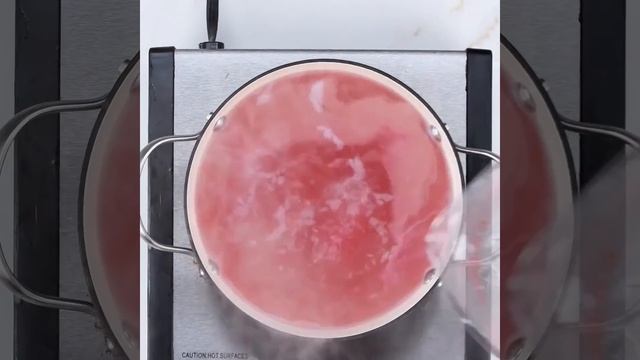 I Want Candy! 12 Ways to Turn Everyday Sweets Into Spectacular Eats! смотреть онлайн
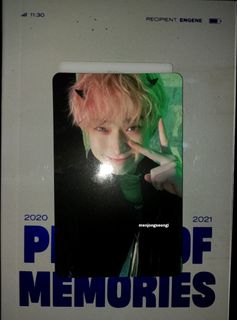 (Category: ) located in . Submitted by menjongseongi (Listing ID 1148307129, Image 1). Description: .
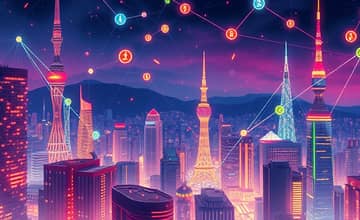 La Nueva Moneda: ¿Estás Listo para el Dinero Digital Soberano?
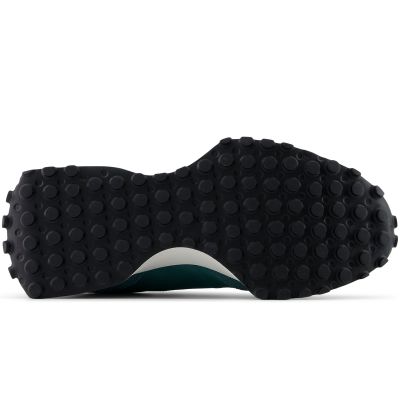 4. New Balance unisex sports shoes U327SBA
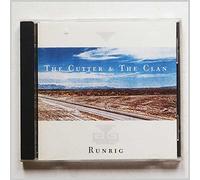Runrig - The Cutter & The Clan : Runrig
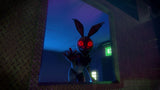 Five Nights at Freddy's: Security Breach - Nintendo Switch - Video Games by Maximum Games Ltd (UK Stock Account) The Chelsea Gamer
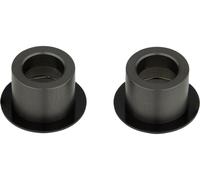 Adaptateur axe arrière Mavic ID360 QR 9mm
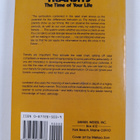 Betty Lundsted : Transits : the time of your life - pikkukuva 2
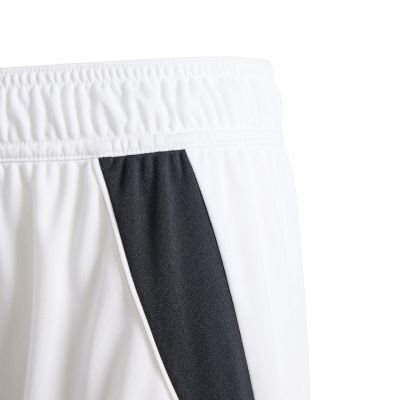 6. adidas Tiro 24 Jr IR9370 Shorts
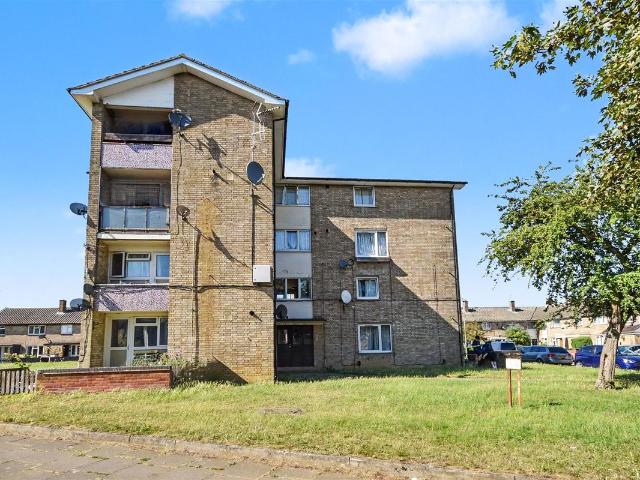 House for rent in Corby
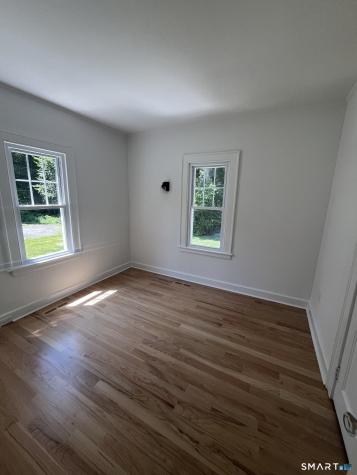 1094 Chase Parkway Waterbury CT 06708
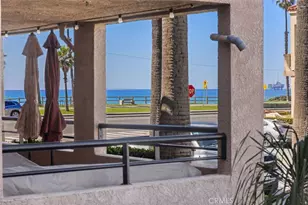 1200 Pacific Coast Hwy, Huntington Beach, CA 92648 - Photo 5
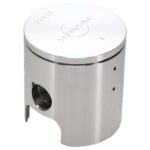 Wiseco Piston Kit Suzuki RM125 '87 Pro-Lite 2126CS - Image 2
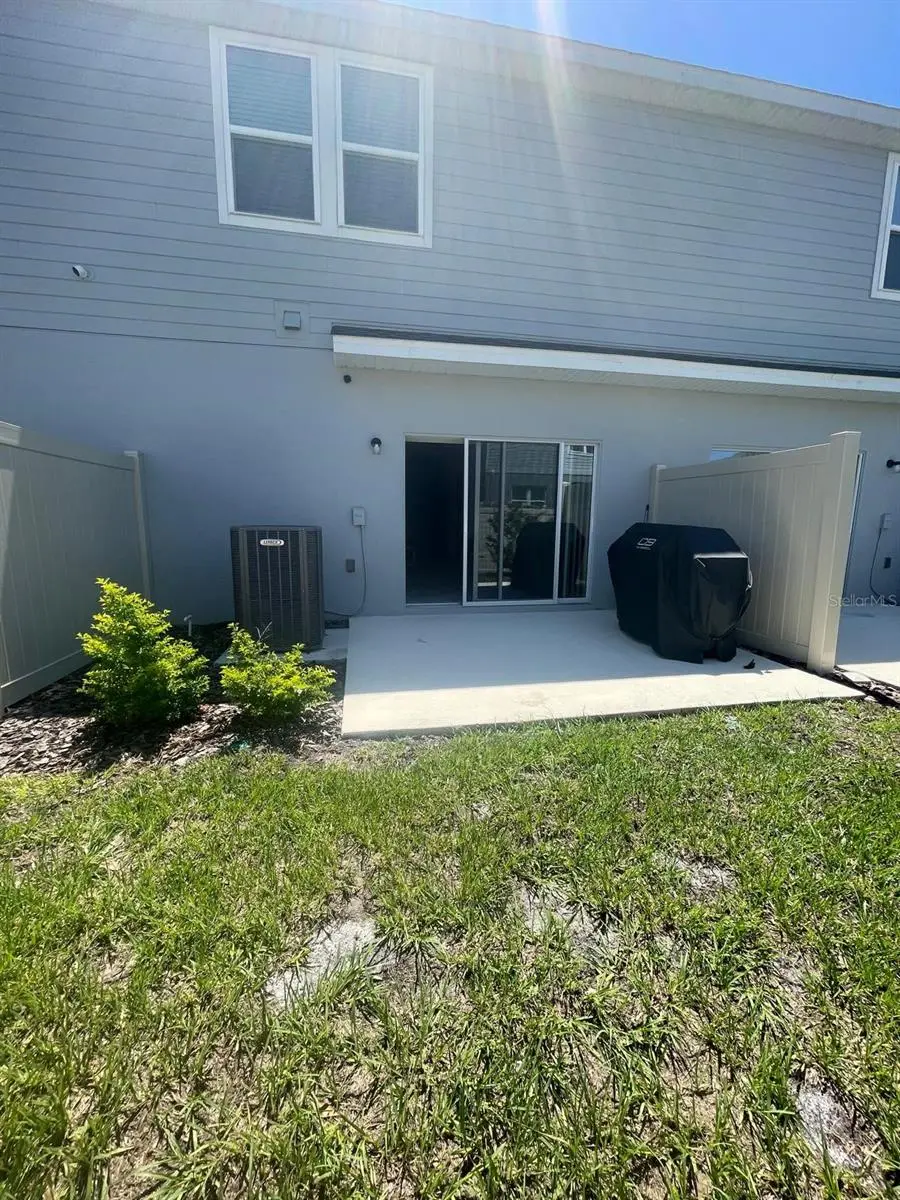 2561 Penguin Boulevard, FL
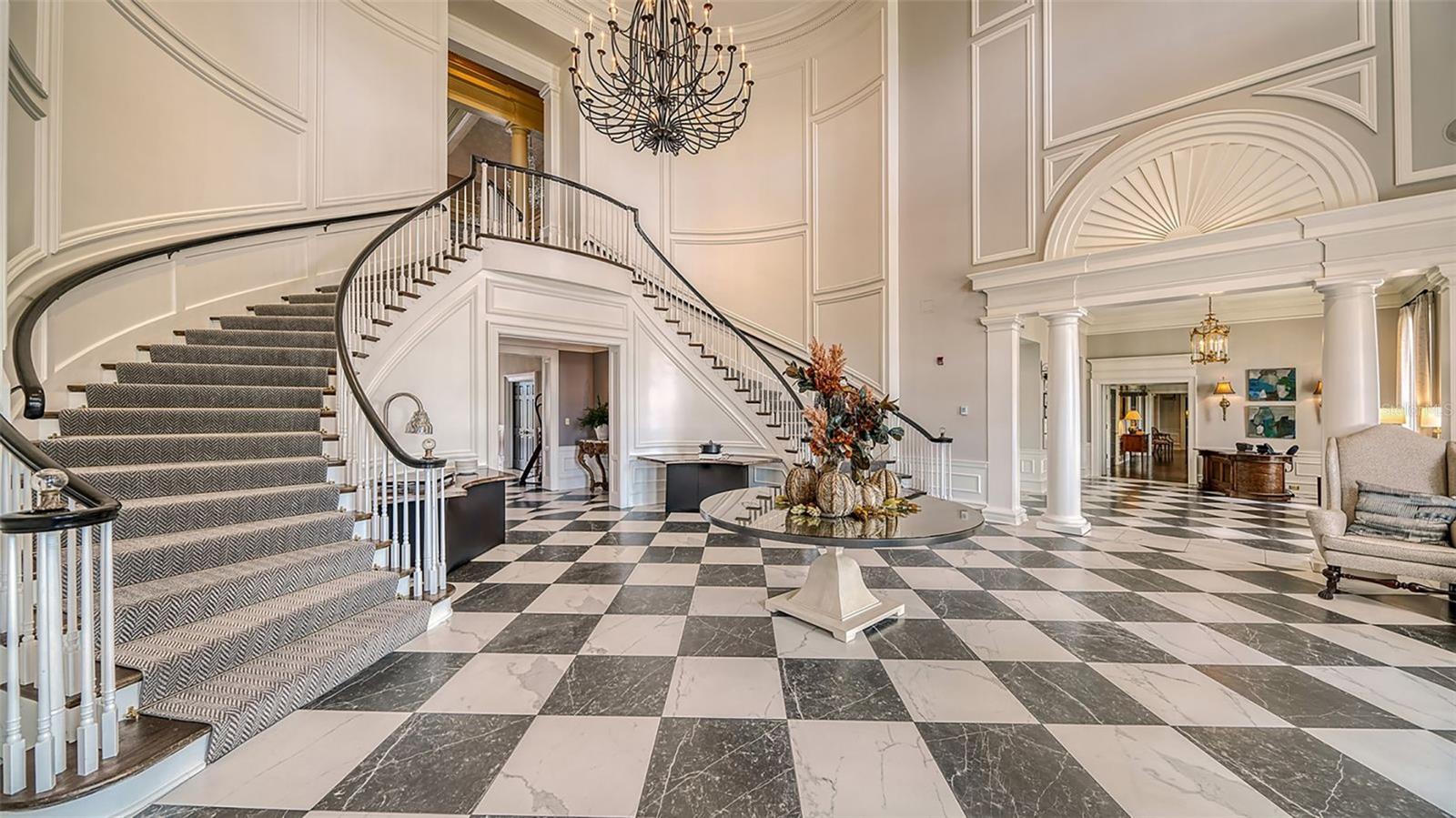 Image 83 of 100 For 76 Osprey Point Drive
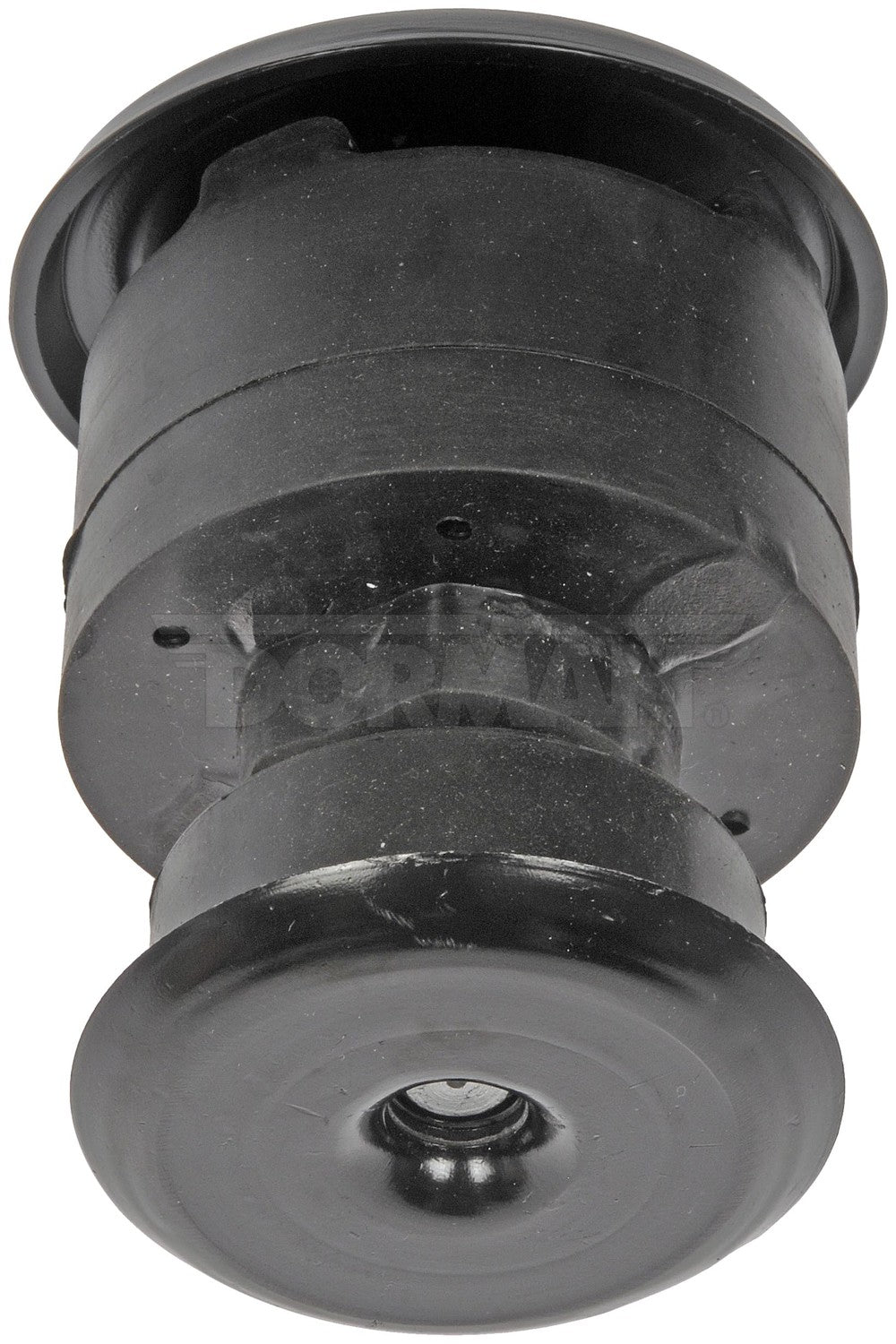 Dorman - OE Solutions Body Mount Kit for 2010-06 Ford Explorer Mercury Mountaineer 924-184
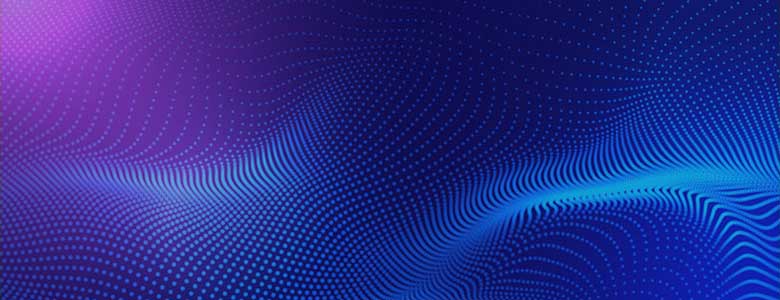 Article M365 Continue Adoptie voor organisaties Image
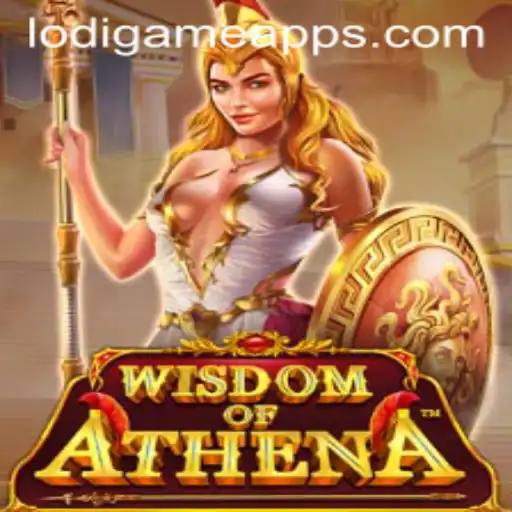 Exploring the Enchanting World of WisdomofAthena: The Latest LodiGame Sensation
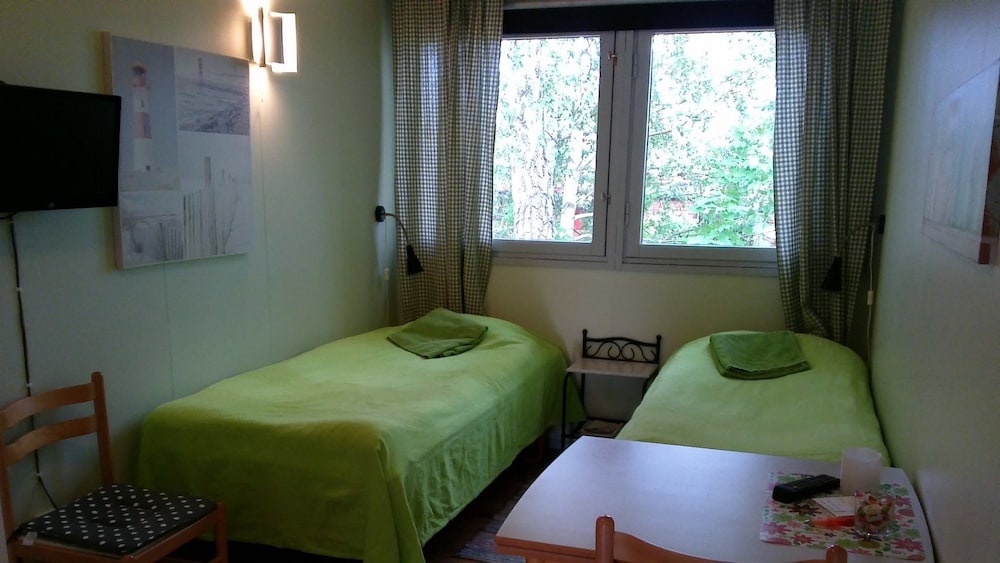 Lilla Hotellet Västervik 8/33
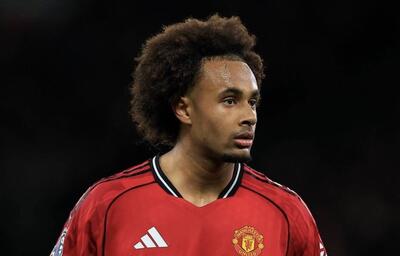 کولاک جالوروسی؛ توافق شخصی رم با جاکومو راسپادوری و جاشوا زیرکزی - پارس فوتبال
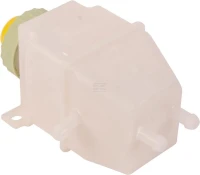 Zbiornik | poltechparts.pl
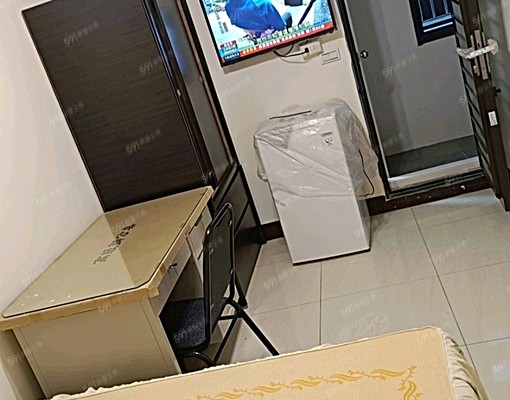 透天全新完工大套房可補助 - Image 9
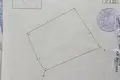 Дом 181 м² Усяжский сельский Совет, Беларусь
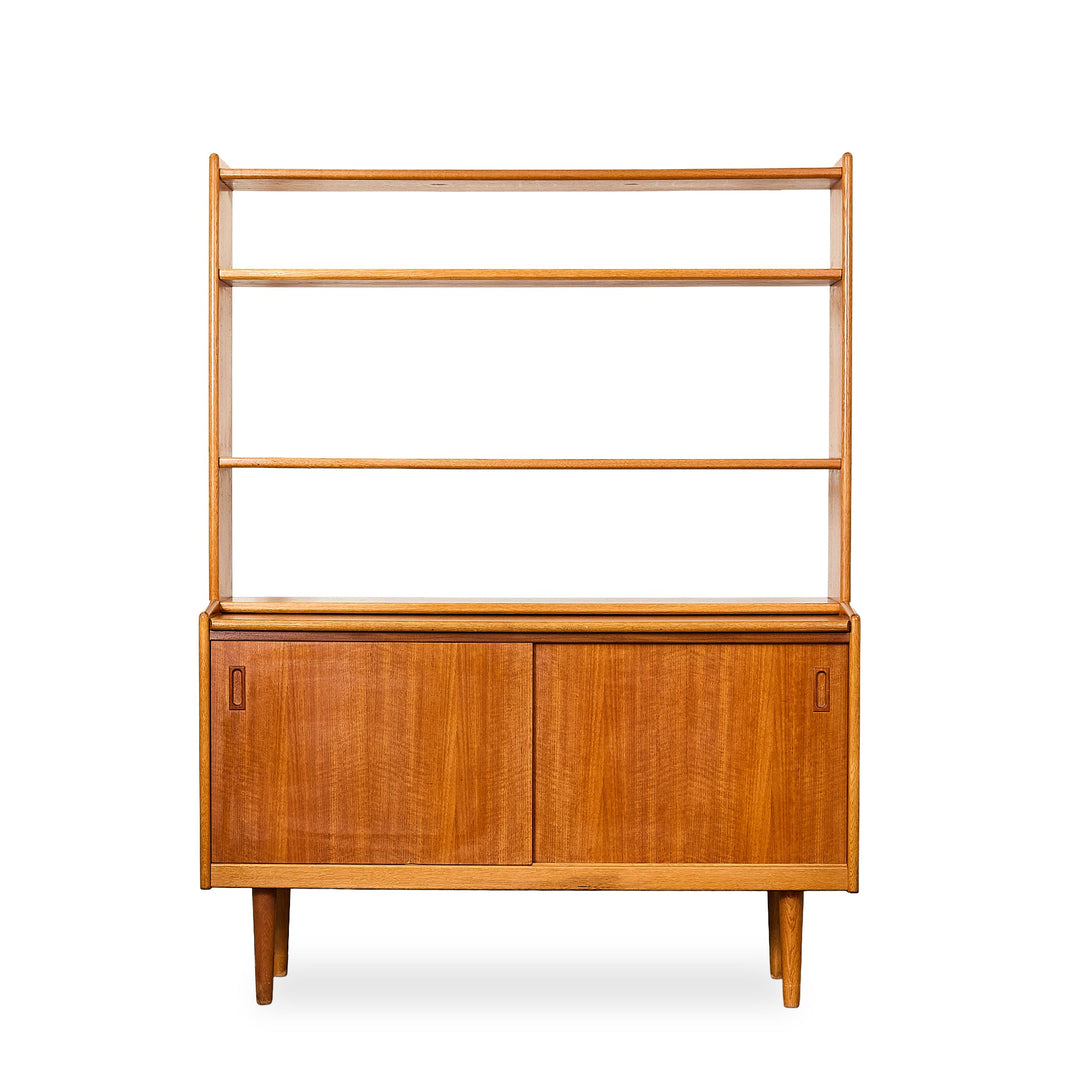 Buffet w/Pullout Shelf - Whats New Furniture - Portland, Oregon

+++++

Exercise prompt:
Copy word for word the lines of the records above from the one with "1094 Chase Parkway Waterbury CT 06708" up to and including the one with "Article M365 Continue". Skip the pictures.

Written answer:
 1094 Chase Parkway Waterbury CT 06708
 1200 Pacific Coast Hwy, Huntington Beach, CA 92648 - Photo 5
 Wiseco Piston Kit Suzuki RM125 '87 Pro-Lite 2126CS - Image 2
 2561 Penguin Boulevard, FL
 Image 83 of 100 For 76 Osprey Point Drive
 Dorman - OE Solutions Body Mount Kit for 2010-06 Ford Explorer Mercury Mountaineer 924-184
 Article M365 Continue Adoptie voor organisaties Image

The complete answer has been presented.